Raw data section start

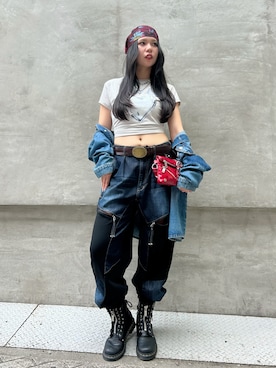 「Desigual（デシグアル）のアイテム」を使った、Desigual心斎橋STAFFさん（レディース・163cm）の夏コーディネート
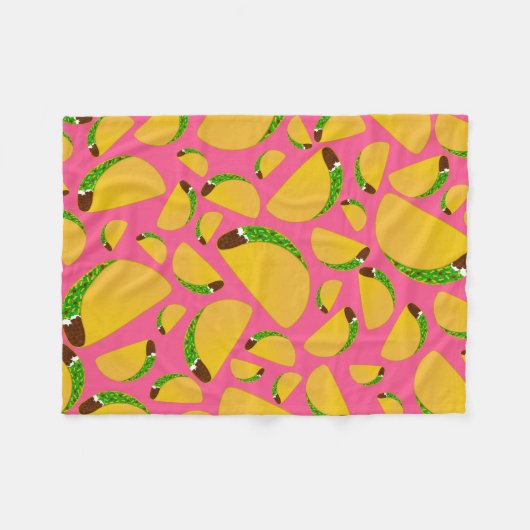 Roze tacos fleece deken (Voorkant (Horizontaal))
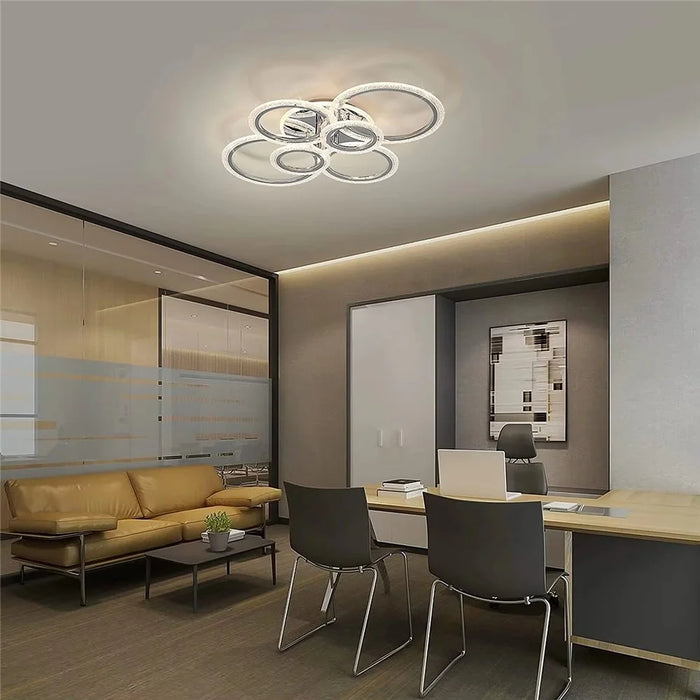 6 Rings Modern LED Ceiling Light for Living Room Dimmable Remote Control Chandelier Lamp - 5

Raw data section end

*Exercise brief:*
Reproduce exactly, and only, the lines from the one with "Roze tacos fleece" to the final line of the listing above; the pictures are to be left out.

*Your response:*
 Roze tacos fleece deken (Voorkant (Horizontaal))
 6 Rings Modern LED Ceiling Light for Living Room Dimmable Remote Control Chandelier Lamp - 5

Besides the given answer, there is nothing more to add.